BEGIN Data
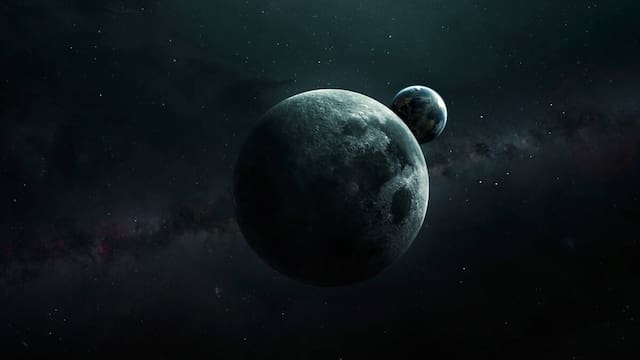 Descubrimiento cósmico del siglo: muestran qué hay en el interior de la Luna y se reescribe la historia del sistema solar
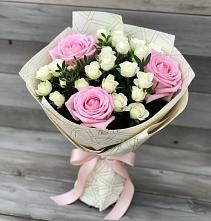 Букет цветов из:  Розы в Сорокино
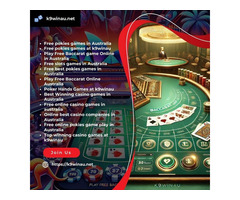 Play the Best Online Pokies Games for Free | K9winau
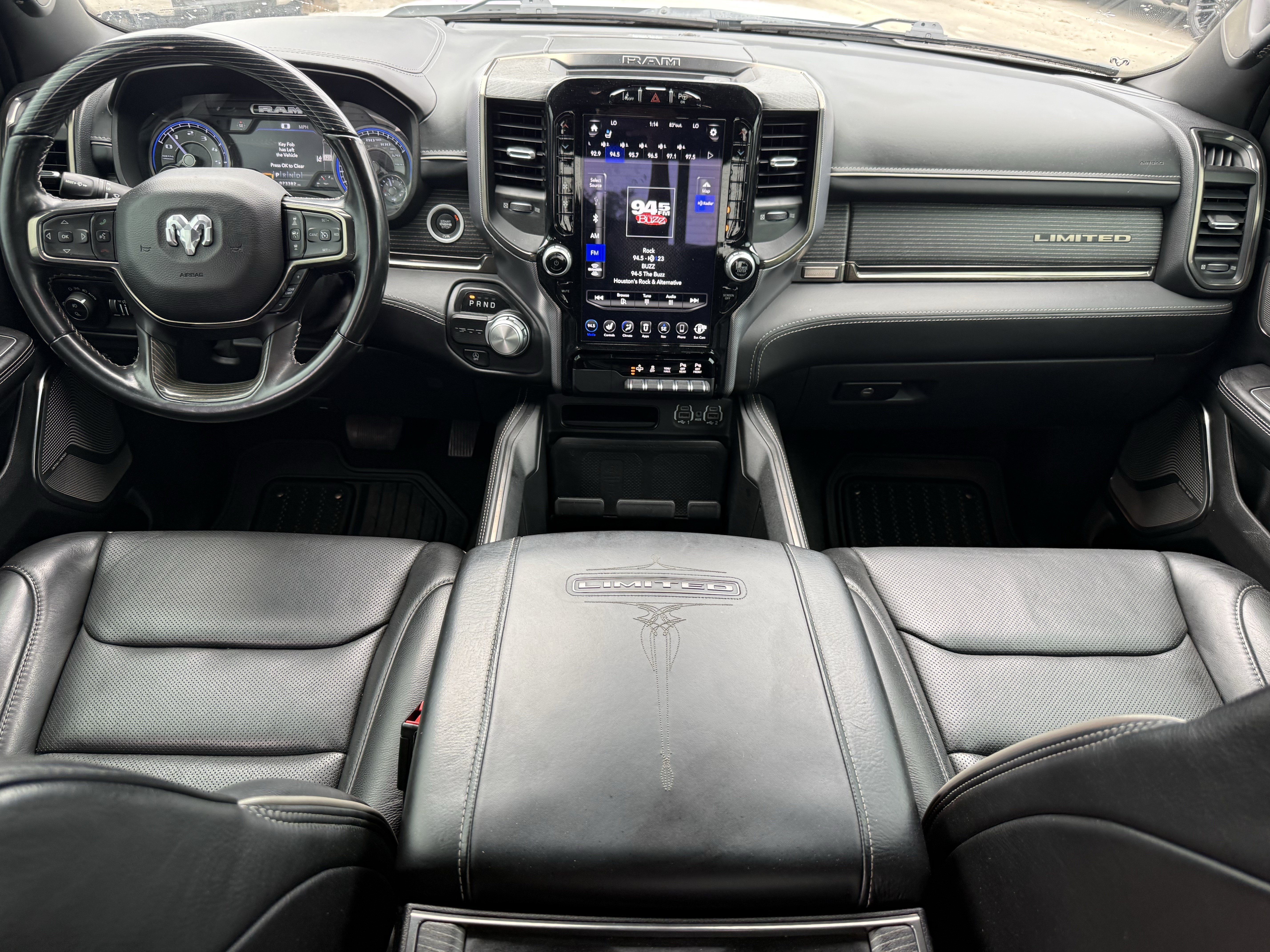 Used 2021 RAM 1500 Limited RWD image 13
END Data
* What is needed *
Every line between the one containing "Play the Best" and the end of the listing, both included, needs to be retyped exactly, minus the pictures.

* Exercise solution *
 Play the Best Online Pokies Games for Free | K9winau
 Used 2021 RAM 1500 Limited RWD image 13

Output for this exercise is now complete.